離婚時の年金分割について
離婚についての金銭問題には慰謝料や養育費など様々な問題がありますが、離婚時には「年金」についての問題も挙げられます。
皆さんは「年金分割」という制度をご存じでしょうか?2007年4月から施行されている年金分割は、夫婦が婚姻関係にあった期間内に納付した厚生年金、または共済年金を、夫婦の離婚時に分割することができる制度となっています。
例えば、夫がサラリーマンで妻が専業主婦といった場合でも、離婚時には納付した年金を分割することができるということになります。年金分割は最大で2分の1まで可能で、上記のように夫の年金を分割する場合は勿論、妻の年金額が高い場合には妻が納付した年金を夫婦で分割することも可能です。
しかし、離婚をする際に自動的に年金分割が行われるわけではありません。年金分割を行う場合には、社会保険事務所で請求手続きをする必要があります。年金分割の請求手続きには、年金手帳、国民年金手帳(または基礎年金番号証書)、婚姻期間を提示するための戸籍謄本、または抄本、住民票、年金分割の割合を書面にした公正証書など、様々な書類が必要となっています。年金分割の請求手続きをする際には、忘れずに揃えておきましょう。
また、公正証書は年金分割の証拠となる書類ともなりますので、必ず作成するようにしてください。協議離婚の場合には公正証書の作成を行わない場合もよく見られていますが、公正証書は公的な約束事(特に金銭的な問題)の証拠書類ですから、法律問題が絡むトラブルが起きた場合にも、公正証書があることで正式な対処へ導くことが可能となります。ですので、公正証書を作成しておくと離婚後も安心ですよ。

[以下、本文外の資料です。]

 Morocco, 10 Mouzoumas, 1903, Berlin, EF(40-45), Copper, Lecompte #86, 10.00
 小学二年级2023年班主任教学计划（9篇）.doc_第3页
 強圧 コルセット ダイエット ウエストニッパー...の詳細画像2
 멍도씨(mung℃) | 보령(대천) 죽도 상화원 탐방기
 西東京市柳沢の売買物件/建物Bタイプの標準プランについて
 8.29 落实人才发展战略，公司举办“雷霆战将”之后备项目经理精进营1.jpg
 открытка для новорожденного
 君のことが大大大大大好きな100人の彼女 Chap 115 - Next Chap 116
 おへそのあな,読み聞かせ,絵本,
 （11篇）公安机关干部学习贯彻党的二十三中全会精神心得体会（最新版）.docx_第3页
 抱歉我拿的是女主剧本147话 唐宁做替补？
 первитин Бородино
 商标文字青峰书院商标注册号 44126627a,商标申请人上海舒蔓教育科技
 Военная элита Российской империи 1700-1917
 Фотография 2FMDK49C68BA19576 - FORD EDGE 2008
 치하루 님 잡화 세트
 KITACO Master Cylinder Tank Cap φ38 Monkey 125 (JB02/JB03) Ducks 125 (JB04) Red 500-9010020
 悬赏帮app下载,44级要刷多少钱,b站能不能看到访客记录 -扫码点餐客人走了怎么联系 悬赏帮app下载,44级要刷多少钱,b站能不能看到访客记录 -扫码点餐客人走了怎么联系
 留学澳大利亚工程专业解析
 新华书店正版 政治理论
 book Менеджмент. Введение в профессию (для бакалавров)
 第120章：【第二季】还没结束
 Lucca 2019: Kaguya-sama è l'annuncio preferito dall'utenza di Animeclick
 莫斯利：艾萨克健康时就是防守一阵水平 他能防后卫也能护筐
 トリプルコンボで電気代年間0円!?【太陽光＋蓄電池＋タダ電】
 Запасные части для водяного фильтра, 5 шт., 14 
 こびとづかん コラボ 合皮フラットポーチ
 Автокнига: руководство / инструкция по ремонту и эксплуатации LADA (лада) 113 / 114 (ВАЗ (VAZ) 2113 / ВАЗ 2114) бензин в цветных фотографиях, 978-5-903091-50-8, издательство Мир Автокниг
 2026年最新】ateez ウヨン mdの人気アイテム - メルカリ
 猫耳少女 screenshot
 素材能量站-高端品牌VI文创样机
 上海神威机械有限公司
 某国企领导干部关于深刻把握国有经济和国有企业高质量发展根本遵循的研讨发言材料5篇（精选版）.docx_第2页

公正証書の作成については、弁護士や行政書士にご相談ください。弁護士や行政書士による代筆も可能ですので、お気軽に相談してくださいね。
年金分割は以前の年金制度では行われていませんでしたが、施行されてからというもの、「年金分割に助けられた」という女性の声をたくさん聞いています。特に専業主婦の皆さんにとっては、年金分割によって夫の年金納付額を分割することができるようになりましたから、離婚後の非常に大きな支えになっているのです。年金分割は、特に専業主婦にとってメリットの高いものとなっているということが言えるでしょう。